Console. WriteLine (” n Please enter the number of the source point:”);

// Let the user enter the starting point to traverse
int vertex = int.Parse(Console.ReadLine()) – 1;

for (int i = 0; i < g.vertexNum; i++)
{
// Initial weighting
weight[i] = g.edges[vertex, i];

if (weight[i] < short.MaxValue && weight[i] > 0)
path[i] = vertex;

tempvertex[i] = 0;
}

tempvertex[vertex] = 1;
weight[vertex] = 0;

for (int i = 0; i < g.vertexNum; i++)
{
int min = short.MaxValue;

int index = vertex;

for (int j = 0; j < g.vertexNum; j++)
{
// Find the smallest among the weights of vertices
if (tempvertex[j] == 0 && weight[j] < min)
{
min = weight[j];
index = j;
}
}

tempvertex[index] = 1;

// Take the current index as the middle point to find the minimum weight
for (int j = 0; j < g.vertexNum; j++)
{
if (tempvertex[j] == 0 && weight[index] + g.edges[index, j] < weight[j])
{
weight[j] = weight[index] + g.edges[index, j];
path[j] = index;
}
}
}

Console.

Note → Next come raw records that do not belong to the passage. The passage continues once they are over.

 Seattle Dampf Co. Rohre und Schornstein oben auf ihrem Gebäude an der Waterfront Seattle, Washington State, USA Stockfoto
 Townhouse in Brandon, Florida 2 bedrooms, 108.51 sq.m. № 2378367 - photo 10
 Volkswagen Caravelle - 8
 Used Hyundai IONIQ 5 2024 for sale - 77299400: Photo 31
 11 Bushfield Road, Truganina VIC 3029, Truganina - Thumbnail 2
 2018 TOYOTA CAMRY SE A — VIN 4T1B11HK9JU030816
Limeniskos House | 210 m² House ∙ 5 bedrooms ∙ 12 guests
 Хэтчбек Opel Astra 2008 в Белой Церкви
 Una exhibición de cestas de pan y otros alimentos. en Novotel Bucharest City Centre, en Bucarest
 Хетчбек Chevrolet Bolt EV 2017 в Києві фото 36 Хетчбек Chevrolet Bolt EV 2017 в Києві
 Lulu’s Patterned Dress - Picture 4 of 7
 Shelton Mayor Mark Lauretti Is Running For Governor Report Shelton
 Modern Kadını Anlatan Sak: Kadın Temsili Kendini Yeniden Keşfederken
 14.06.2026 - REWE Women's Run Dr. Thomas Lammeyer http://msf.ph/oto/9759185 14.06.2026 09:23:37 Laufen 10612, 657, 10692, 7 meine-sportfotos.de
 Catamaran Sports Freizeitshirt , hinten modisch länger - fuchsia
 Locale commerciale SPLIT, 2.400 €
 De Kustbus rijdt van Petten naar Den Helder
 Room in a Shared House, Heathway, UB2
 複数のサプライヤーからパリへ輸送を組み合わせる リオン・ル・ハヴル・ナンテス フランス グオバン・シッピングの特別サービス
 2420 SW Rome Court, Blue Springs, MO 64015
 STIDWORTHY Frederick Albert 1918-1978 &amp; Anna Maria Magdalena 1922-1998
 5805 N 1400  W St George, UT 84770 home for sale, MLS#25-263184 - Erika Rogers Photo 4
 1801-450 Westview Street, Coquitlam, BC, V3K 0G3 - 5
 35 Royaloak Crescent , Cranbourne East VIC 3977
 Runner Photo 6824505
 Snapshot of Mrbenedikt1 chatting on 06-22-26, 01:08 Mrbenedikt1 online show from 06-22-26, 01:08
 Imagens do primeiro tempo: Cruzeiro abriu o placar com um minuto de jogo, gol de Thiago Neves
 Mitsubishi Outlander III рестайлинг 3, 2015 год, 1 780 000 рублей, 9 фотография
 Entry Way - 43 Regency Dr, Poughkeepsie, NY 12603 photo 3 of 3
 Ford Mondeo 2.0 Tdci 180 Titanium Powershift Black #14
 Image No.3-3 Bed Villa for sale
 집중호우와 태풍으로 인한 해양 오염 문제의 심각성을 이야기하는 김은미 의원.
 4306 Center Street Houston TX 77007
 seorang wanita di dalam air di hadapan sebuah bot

WriteLine (” n vertex {0} to each vertex the shortest path is: (endpoint < source point)” + g. vertex [vertex]);

// Final output
for (int i = 0; i < g.vertexNum; i++)
{
if (tempvertex[i] == 1)
{
var index = i;

while (index != vertex)
{
var j = index;
Console.Write(“{0} < “, g.vertex[index]);
index = path[index];
}
Console.WriteLine(“{0}\n”, g.vertex[index]);
}
else
{
Console.WriteLine (“{0} <-{1}: no pathn”, g.vertex [i], g.vertex [vertex]);
}
}
}
#endregion
}
} Fast-track algorithm series is now all over, and the company’s algorithm training for us ended last Friday. Ha-ha, catch up with the synchronization. Finally, I hope you can attach importance to the algorithm.

Learn the algorithm well, life-long benefits.